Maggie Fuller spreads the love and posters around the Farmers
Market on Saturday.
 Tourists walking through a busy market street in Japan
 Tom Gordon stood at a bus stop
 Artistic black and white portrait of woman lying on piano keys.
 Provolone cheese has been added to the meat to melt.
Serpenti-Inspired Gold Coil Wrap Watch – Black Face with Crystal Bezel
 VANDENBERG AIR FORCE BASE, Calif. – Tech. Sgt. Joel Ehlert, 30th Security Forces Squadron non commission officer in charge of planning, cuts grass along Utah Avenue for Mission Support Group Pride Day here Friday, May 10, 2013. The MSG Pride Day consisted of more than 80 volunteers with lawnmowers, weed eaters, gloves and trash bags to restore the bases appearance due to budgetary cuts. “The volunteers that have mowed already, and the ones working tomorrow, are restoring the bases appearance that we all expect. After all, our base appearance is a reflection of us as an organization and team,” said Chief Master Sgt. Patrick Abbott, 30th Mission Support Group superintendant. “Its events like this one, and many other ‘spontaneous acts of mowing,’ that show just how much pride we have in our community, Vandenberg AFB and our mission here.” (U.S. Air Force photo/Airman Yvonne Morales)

####################

REQUIREMENT. Where the listing above reaches the line that contains "Tom Gordon stood at a bus stop", start retyping, and finish with the line that contains "Serpenti-Inspired Gold Coil"; reproduce those lines exactly and no others.

REPLY.
 Tom Gordon stood at a bus stop
 Artistic black and white portrait of woman lying on piano keys.
 Provolone cheese has been added to the meat to melt.
Serpenti-Inspired Gold Coil Wrap Watch – Black Face with Crystal Bezel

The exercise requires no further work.